Open it with View — Terminal or Ctrl+` (Control + backtick).

You can open multiple terminals and select different shells for each one. This allows you to:

  • Run Git commands
  • Execute Python, R, or Julia scripts
  • Render Quarto documents
  • Navigate your project directory

On Windows, using Git Bash often makes commands consistent with Unix-like systems. After installing Git for Windows, open the command palette, choose Preferences: Open User Settings (JSON), and add:

"terminal.integrated.defaultProfile.windows": "Git Bash"

Restart the terminal after saving.

3.7.7 Working with Projects, Not Individual Files

In VSCodium, you should open folders, not individual files.

When you open a folder, VSCodium treats it as a project. It tracks file structure, enables Git integration, and supports project-wide search.

Use File — Open Folder and select your project directory (for example, ds4e/).

This reinforces an important habit:

Data science is organized around projects, not isolated scripts.

3.7.8 Good Practices

  • Always open a project folder rather than a single file
  • Keep all work in plain text (scripts, notes, Quarto documents)
  • Use integrated terminals for Git and language commands
  • Keep all files inside your project directory
  • Avoid storing active work on the desktop

These habits support clarity, organization, and reproducibility.

3.8 Gate 5: GitHub (Hosting and Collaboration for Git Projects)

This section assumes you already know the basics of Git on your own computer.

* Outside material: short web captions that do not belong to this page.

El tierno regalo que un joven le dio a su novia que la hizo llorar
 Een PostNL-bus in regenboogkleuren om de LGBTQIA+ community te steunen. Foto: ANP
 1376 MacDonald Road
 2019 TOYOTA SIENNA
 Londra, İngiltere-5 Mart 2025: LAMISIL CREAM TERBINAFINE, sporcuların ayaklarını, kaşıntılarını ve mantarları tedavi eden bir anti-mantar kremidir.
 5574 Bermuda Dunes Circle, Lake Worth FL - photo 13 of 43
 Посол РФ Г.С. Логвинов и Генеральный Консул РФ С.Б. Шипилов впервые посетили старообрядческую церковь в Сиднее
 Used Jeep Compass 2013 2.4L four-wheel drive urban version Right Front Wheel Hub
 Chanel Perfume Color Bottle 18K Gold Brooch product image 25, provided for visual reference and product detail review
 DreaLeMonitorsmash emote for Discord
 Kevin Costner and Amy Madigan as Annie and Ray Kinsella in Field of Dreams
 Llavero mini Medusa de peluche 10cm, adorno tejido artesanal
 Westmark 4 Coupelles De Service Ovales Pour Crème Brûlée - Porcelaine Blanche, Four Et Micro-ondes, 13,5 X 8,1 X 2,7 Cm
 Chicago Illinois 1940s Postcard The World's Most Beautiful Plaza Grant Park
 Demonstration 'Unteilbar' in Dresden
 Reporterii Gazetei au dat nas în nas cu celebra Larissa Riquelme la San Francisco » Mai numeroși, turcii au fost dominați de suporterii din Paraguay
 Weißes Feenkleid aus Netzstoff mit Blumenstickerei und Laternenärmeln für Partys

GitHub adds sharing and collaboration on top of local Git.

3.8.1 What GitHub Is and Why It Matters

GitHub is an online platform that hosts Git repositories. Git manages project history on your computer, while GitHub stores a synchronized copy online. GitHub adds four capabilities that local Git alone does not provide.

  • Backup: a remote copy protects against local hardware failure.
  • Work anywhere: the same repository can be used on multiple machines; you can work offline and synchronize later.
  • Collaboration: multiple contributors can work safely without overwriting each other.
  • Review: changes can be inspected and discussed before they are merged.

Once a local repository is connected to GitHub, only two commands are needed for routine synchronization.

  • git push uploads committed local changes to GitHub.
  • git pull downloads changes from GitHub and integrates them locally.

3.8.2 Authentication on GitHub (SSH)

GitHub requires authentication before it accepts git push. A common method is SSH key authentication.

SSH uses a key pair.

  • Private key: stays on your computer and must never be shared.
  • Public key: added to your GitHub account to identify your computer.

Generate a key pair locally.

ssh-keygen -t ed25519 -C "your_email@example.com"

The key pair will be stored in the .ssh folder in your home directory.

Display the public key.

cat ~/.ssh/id_ed25519.pub

Copy the public key to your clipboard.

  • macOS (Terminal):
pbcopy < ~/.ssh/id_ed25519.pub
  • Windows (Git Bash):
cat ~/.ssh/id_ed25519.pub | clip
  • Windows (PowerShell):
Get-Content $env:USERPROFILE\.ssh\id_ed25519.pub | clip
  • Linux / WSL:
sudo apt update
sudo apt install xclip
xclip -selection clipboard < ~/.ssh/id_ed25519.pub

Add the public key on GitHub.

  • Profile menu — Settings
  • SSH and GPG keys — New SSH key
  • Paste the key and save

Test the connection.

ssh -T git@github.com

For up-to-date authentication, one may ask an AI assistant for help for your operating system. For example:

  • “How do I set up SSH keys for GitHub on Windows using Git Bash and verify that git push works?”

3.8.3 Creating and Publishing a New Repository

This workflow applies only if you already have a local Git repository. If not, create one first with git init.

First, create a new empty repository on GitHub (do not initialize it with a README). Then connect your local repository to GitHub.

git remote add origin git@github.com:yourname/example-repo.git
git branch -M main
git push -u origin main

Here, yourname is your GitHub username and example-repo is the repository name you chose on GitHub.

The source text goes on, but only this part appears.